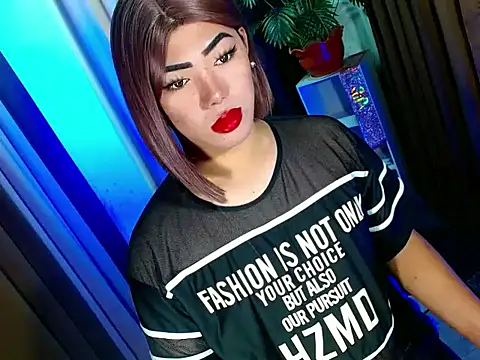 Snapshot of bigfattycocksonya27 chatting on September 23, 10:22 am bigfattycocksonya27 online show from September 23, 10:22 am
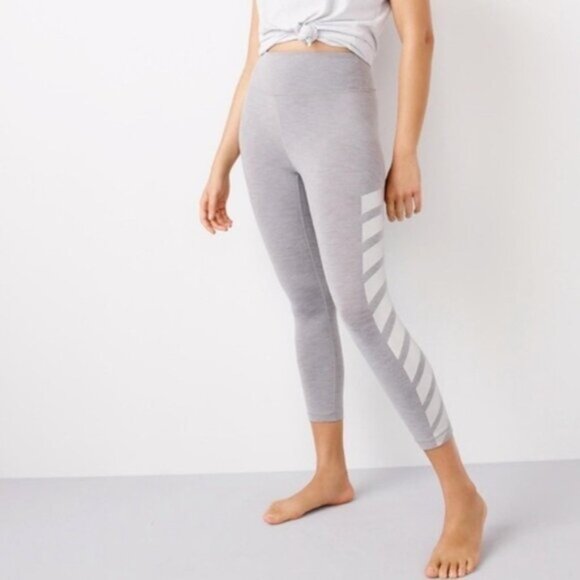 NWT New Balance x Jcrew Women's Gray Athleisure Leggings Size Medium - Picture 1 of 9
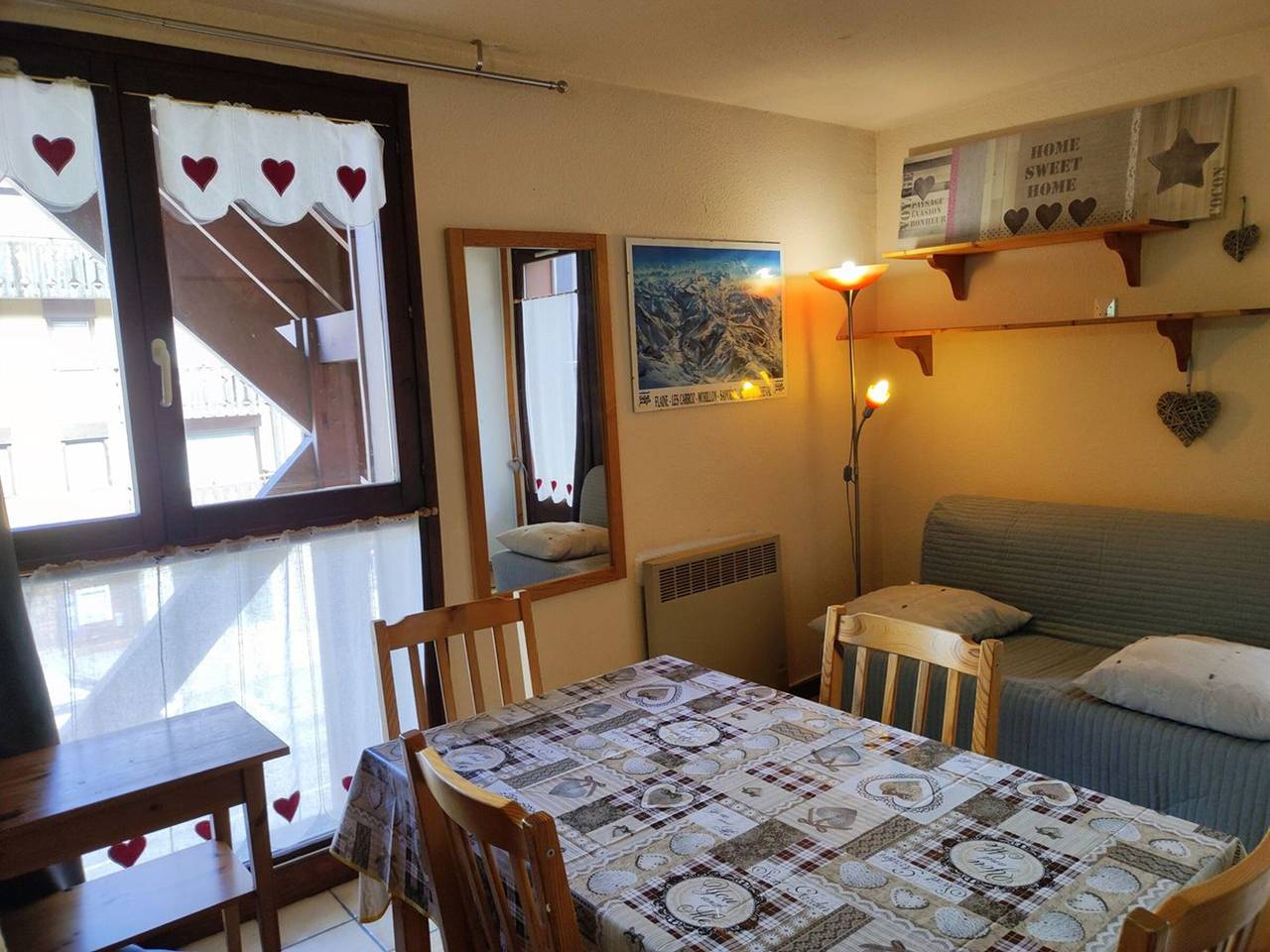 Estudio entero, Estudio céntrico para 4 personas, cerca de pistas y comercios. in Les Carroz, Arâches-la-Frasse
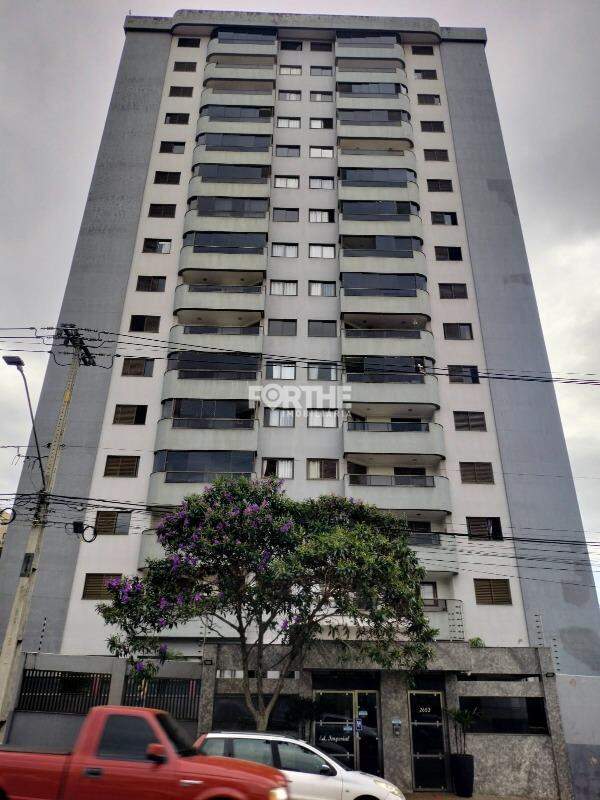 Apartamento 3 Dormitórios Centro 123m²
= = = =
*Problem details:* Every line above must appear in the answer unchanged, and no picture may appear in it.

*Result:*
 Snapshot of bigfattycocksonya27 chatting on September 23, 10:22 am bigfattycocksonya27 online show from September 23, 10:22 am
 NWT New Balance x Jcrew Women's Gray Athleisure Leggings Size Medium - Picture 1 of 9
 Estudio entero, Estudio céntrico para 4 personas, cerca de pistas y comercios. in Les Carroz, Arâches-la-Frasse
 Apartamento 3 Dormitórios Centro 123m²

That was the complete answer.